From the records below, print exactly the lines starting at the one containing "thumbnail image 2" and ending at the one containing "Курскэнерго повышает надежность сетей", ends included, and nothing else.

***** Study material *****

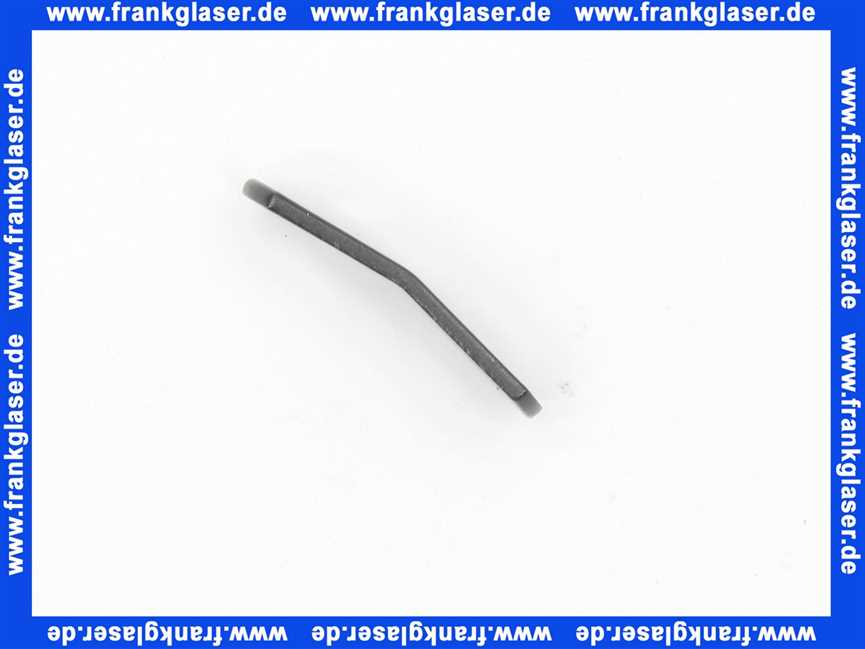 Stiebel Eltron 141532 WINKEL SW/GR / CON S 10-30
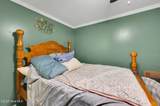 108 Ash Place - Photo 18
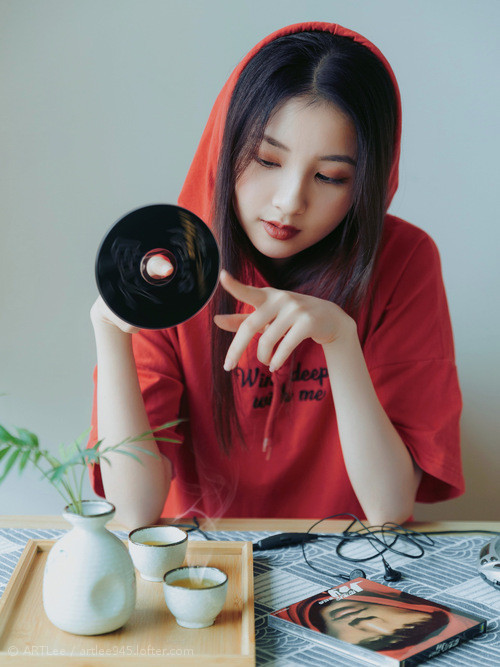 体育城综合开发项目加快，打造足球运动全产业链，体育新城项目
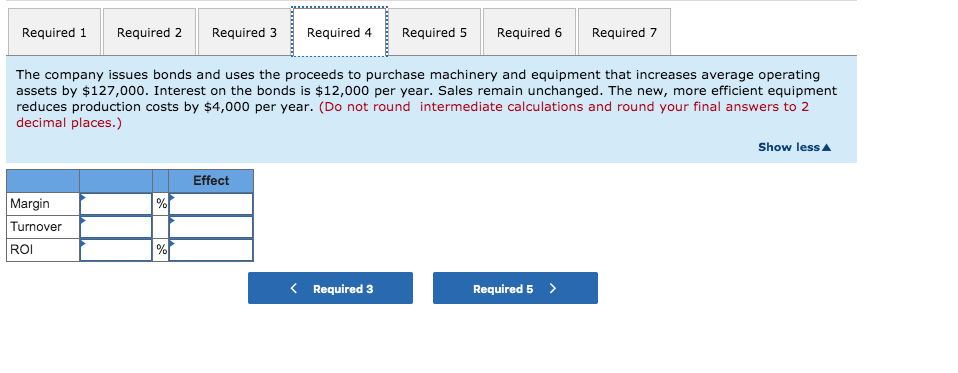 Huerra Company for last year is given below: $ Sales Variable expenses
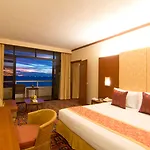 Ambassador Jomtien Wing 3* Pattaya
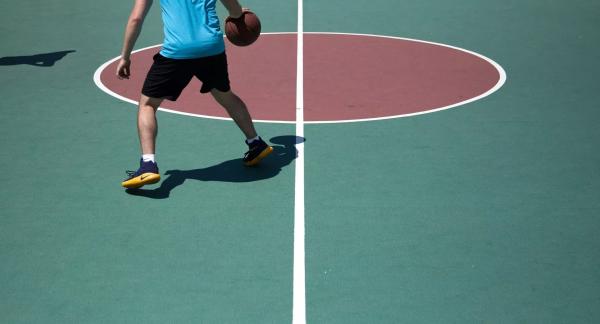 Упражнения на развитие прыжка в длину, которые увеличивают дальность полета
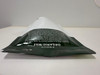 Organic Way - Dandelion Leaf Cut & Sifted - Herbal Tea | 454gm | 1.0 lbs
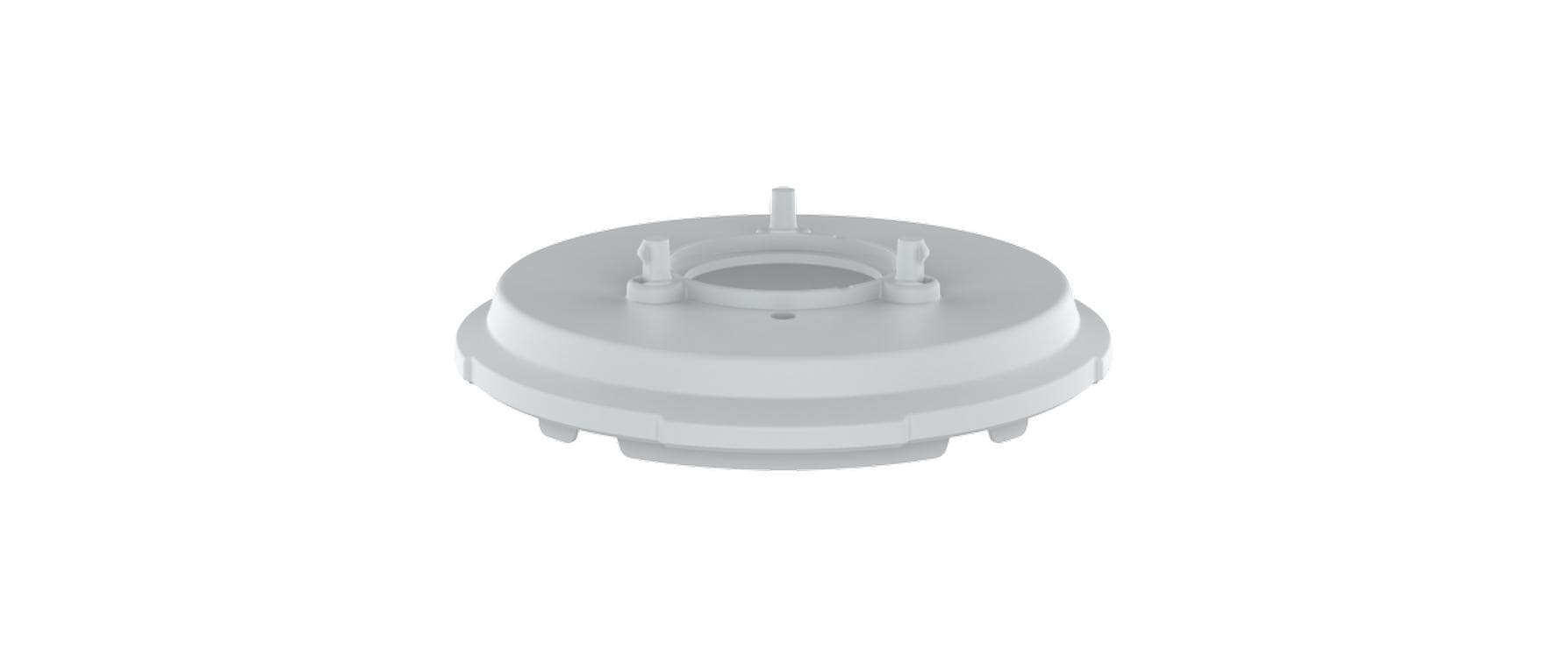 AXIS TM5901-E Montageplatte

*****
***** Study material *****

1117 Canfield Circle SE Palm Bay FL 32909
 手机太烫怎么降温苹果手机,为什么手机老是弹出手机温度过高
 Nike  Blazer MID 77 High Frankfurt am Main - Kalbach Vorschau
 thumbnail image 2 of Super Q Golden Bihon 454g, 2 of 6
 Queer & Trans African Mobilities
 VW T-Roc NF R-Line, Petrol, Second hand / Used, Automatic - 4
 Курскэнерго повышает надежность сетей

*****

▸ **Response**:
 thumbnail image 2 of Super Q Golden Bihon 454g, 2 of 6
 Queer & Trans African Mobilities
 VW T-Roc NF R-Line, Petrol, Second hand / Used, Automatic - 4
 Курскэнерго повышает надежность сетей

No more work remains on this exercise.